C'est donc avec une surprise somme toute relative – car venant des responsables d'un journal prônant la nécessité de la tolérance religieuse envers des croyances religieuses différentes… – que j'ai appris vendredi dernier que les responsables de Causes communes refusaient de publier dans leur revue ma "lettre de lecteur"…

Je suis donc purement et simplement censuré par le journal socialiste de la Ville de Genève, Causes communes, pour avoir osé émettre un commentaire qu'ils trouvent manifestement trop critique, ou pas dans les formes, ou mélangeant la question de l'athéisme et celle de la laïcité…

Ben voyons ! Je n'ai rien compris ! C'est parce que je suis à côté de la plaque qu'on ne peut pas me laisser la parole !

Dois-je en déduire que cette censure illustre aussi les limites à la tolérance religieuse prônée pourtant tout au long des pages de ce journal ? Les croyants parlent aux croyants. Les autres écoutent et se taisent ?

Remarquez, le plus farce est encore arrivé vendredi dernier : alors que j'annonçais sur Facebook cette décision surprenante des responsables de Causes communes et que plusieurs de mes "amis" s'en étonnaient, un des responsables de Causes communes a, de lui-même et sans même me demander mon avis, republié - mais dans Causes communes donc... - mon propre statut Facebook de l'époque en commentaire à mon statut de vendredi…

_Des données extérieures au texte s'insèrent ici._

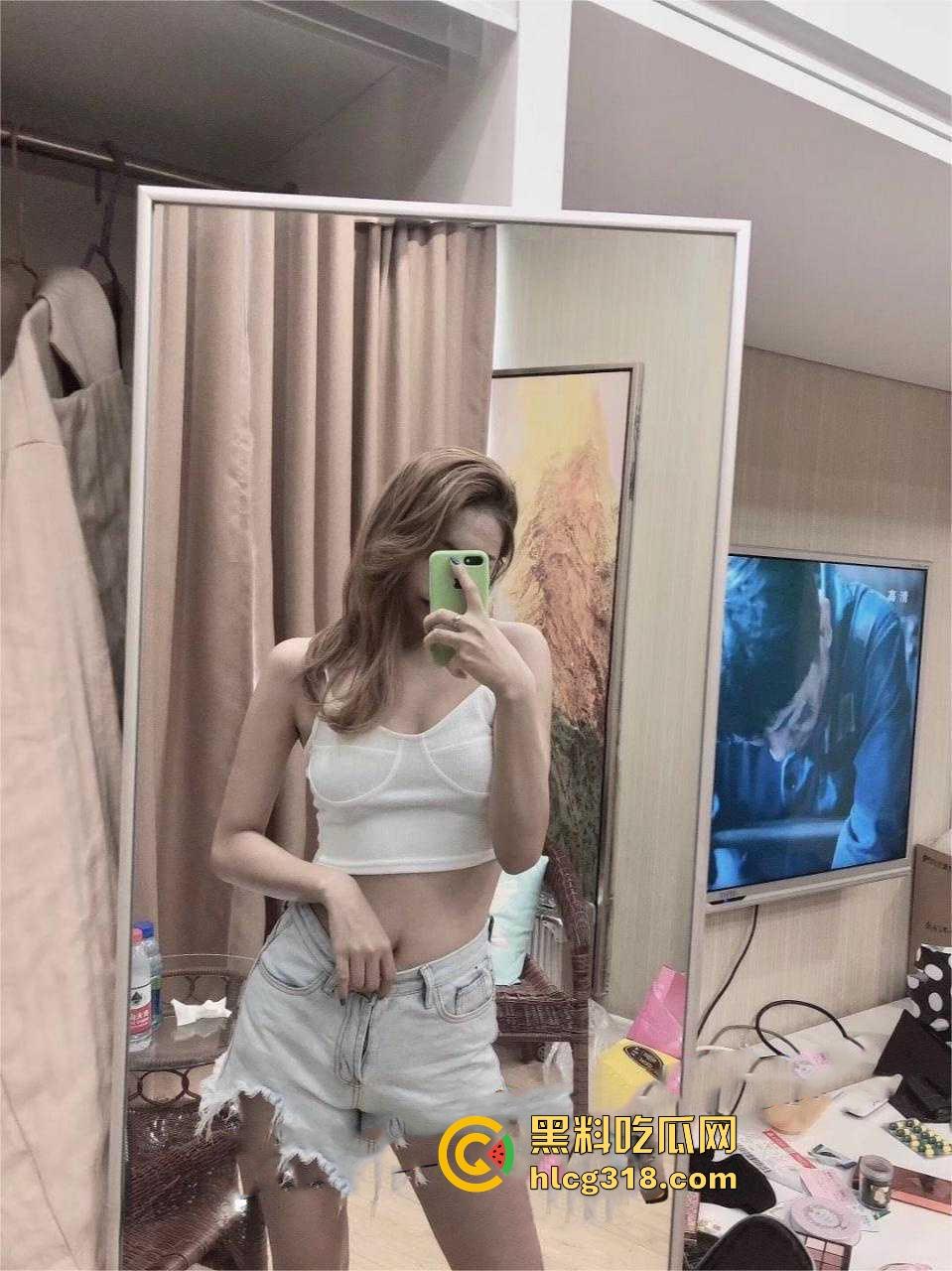 约炮高颜值女大,喜欢被舔容易高潮喷水,淫荡反差小骚货,满口淫话花式猛操,全程高能!-5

En tout cas, ce qui est sûr, c'est qu'avec une telle conception de la liberté de critiquer leur vision de la laïcité, qui ne doit donc pas être connue de leurs propres lecteurs, et indépendamment de la qualité de ma contribution qui, de mon point de vue, doit justement être jugée par les lecteurs et pas par les censeurs, il n'y a même plus besoin de craindre le retour du Grand Inquisiteur… il est déjà, en rose, parmi nous… Et ma religion à ce sujet est donc faite : ce n'est pas du tout rassurant !

 

PS : Pour info, ci-dessous, le statut Facebook que je souhaitais voir publier comme lettre de lecteur dans le n°43 de la revue Causes communes... et que les responsables refusent de publier :

Laïque ton Père !

A la lecture, certes pas encore exhaustive (mais je ne suis même plus certain que cela en vaille la peine), du dernier journal Causes communes du PS Ville de Genève sur la laïcité, je dois dire que je suis très très déçu.

Il y a une confusion permanente et, me semble-t-il, volontairement entretenue entre la question de la tolérance culturelle, à laquelle j'adhère tant qu'un certain nombre de droits fondamentaux - et en particulier les droits des femmes et encore plus particulièrement des jeunes filles - sont strictement respectés et la question de la tolérance cultuelle et religieuse à laquelle je n'adhère pas du tout tant qu'on n'y met pas aussi et d'abord la question de la nécessité de lutter contre l'escroquerie intellectuelle intrinsèque des religions et les méfaits passés, présents et futurs de leurs clergés.

Or il n'y a pas un mot sur cette question de la nécessité - ou non - de lutter contre les méfaits du religieux pour admettre des formes certes pragmatiques mais aussi d'abord potentiellement dangereuses de la laïcité tolérante.

A l'inverse, ce journal semble baigner dans une douce atmosphère de promotion du religieux au prétexte que la foi serait aussi pour certains un moteur d'idées de gauche...

Une sorte d'eau tiède bénite en quelque sorte...

 

15:12 Publié dans Général, Genève, Politique, Résistance, Spiritualités | Lien permanent | Commentaires (2) | |  Facebook

Commentaires

La gauche semble être pour les voiles, non seulement ceux des femmes musulmanes, mais aussi ceux qu'elle applique sur sa face. Lorsque reprendront les guerres de religion entre les fanatiques des deux camps (les musulmans intégristes et les catholiques de la même veine), éventuellement avec le concours des évangélistes comme troisième force, elle pleurera sur l'incompréhension des peuples à son égard.

Écrit par : Mère-Grand | 28/11/2016

Hélas, Cause commune donne une position qui engage le PS. Et c'est plutôt moche de reprendre intégralement l'argumentaire d'Hani Ramadan. En insultant au passage les défenseurs de la laïcité traités d'intégristes. Pour ma part, je me sens insulté par le PS. "Mon Dieu, gardez - moi de mes amis, quant à mes ennemis, je m'en charge." Voltaire. Encore un extrémiste!